From the Wallowas
We got to the cabin earlier than usual this year, arriving on Monday, to converge with Laura and Linda driving from the mid-west.
It’s a wonderful time to be here. All the evergreens have their almost neon-green new growth at the tips of their branches. The lilacs are blooming, both the newer ones we’ve planted and the older ones put in by my grandmother. The tiny white bells of the lily of the valley decorate the cabin’s flower beds. Our funky, little cabin will be 100 years old in 2026.
The lake — Wallowa Lake — looks pristine with snowy Joseph Mountain, Mt. Howard and Mt. Bonneville as the backdrop. But the front page of the Wallowa County Chieftain tells a different story.

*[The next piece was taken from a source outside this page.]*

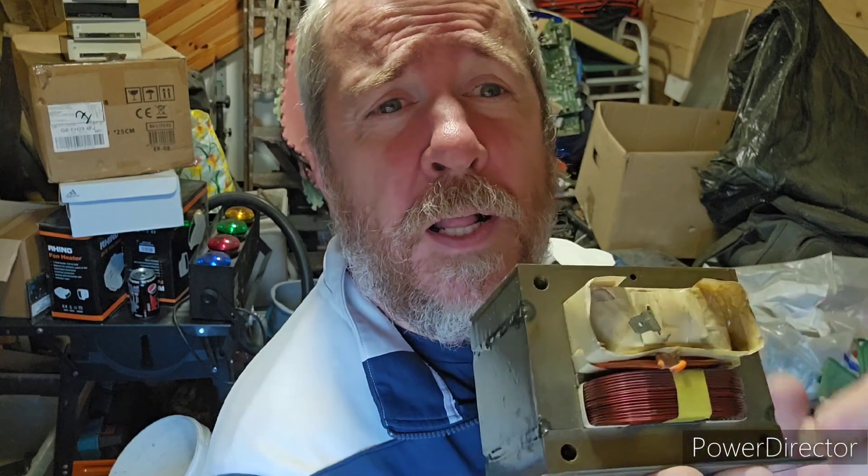It is a full copper transformer. You do get these in aluminium now — sometimes both sides are aluminium, sometimes one's aluminium and one's copper. This one, thankfully, is both copper.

“EPA to remove toxic herbicide barrels from Wallowa Lake,” shouts the headline. Last summer members of the Blue Mountain Divers located a cache of barrels at depths of 50 to 100 feet near the Lake’s north end and marina. There were about twenty-five 55 gallon drums, and a dozen 100 gallon drums. Some bore labels that said, 2,4-D or 2.4.5-T WEED KILLER.

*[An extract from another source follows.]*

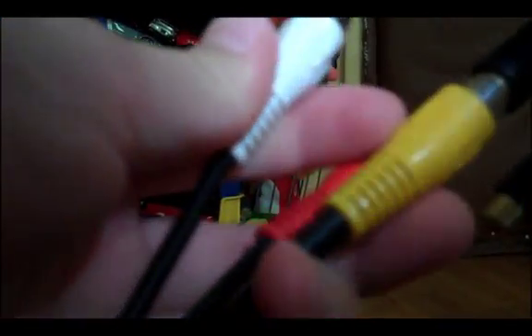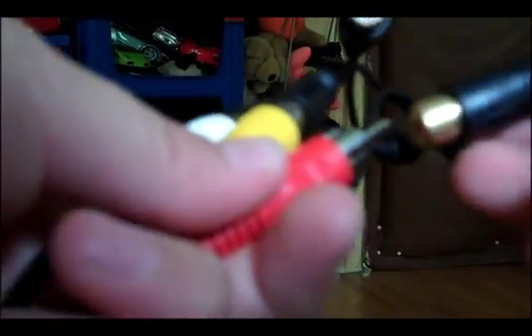Take your double-ended RCA cables and one of your Y adapters. Take the yellow cable and put it into one of the female ends of the Y adapter. Do the same for white and red — each color into its own Y adapter female end. One female on each Y adapter should still be left open. Now go to your PS3, pull out the AV cables, and plug those into the remaining open female ends of the Y adapters.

For the last decade or so the State of Oregon has been heavily promoting this relatively remote area, the Wallowas, in far northeastern Oregon under its “Seven Wonders of Oregon” campaign. It has worked. Visitors counts continue to grow. The State Park is booked solid from Memorial Day to Labor Day.

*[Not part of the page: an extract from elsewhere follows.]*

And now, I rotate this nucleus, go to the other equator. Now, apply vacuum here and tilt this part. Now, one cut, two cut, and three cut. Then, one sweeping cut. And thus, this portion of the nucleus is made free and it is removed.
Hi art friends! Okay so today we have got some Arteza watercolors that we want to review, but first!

The distance from Paradise Found to Paradise Lost seems to be getting shorter these days.
Thankfully, there is no evidence of leakage from the barrels. Nor is there confirmation that the barrel’s contents are actually toxic. But it is unsettling. Oregon Department of Environmental Quality officials point out that for years barrels, usually filled with rocks or water, were used to anchor docks. Consequently, many lake bottoms are littered with barrels.
But DEQ and EPA are making plans to remove the barrels this fall, after the tourist season of boating, fishing and swimming is past. There’s some concern that moving the barrels might trigger leaks.
The divers speculated that the barrels had been down there 10 or 20 years, which means that someone, likely someone around here, knows a lot more about what they are and how and when they got where they are now. I wonder if someone is watching this story with more than ordinary interest or anxiety?
While the three mountains, and the larger array of the Wallowas are the Lake’s backdrop, it is held by two glacial moraines, considered among the finest examples of their kind. This time of year they too are a carpet of green, dotted with the yellow of blooming Balsam Root flowers.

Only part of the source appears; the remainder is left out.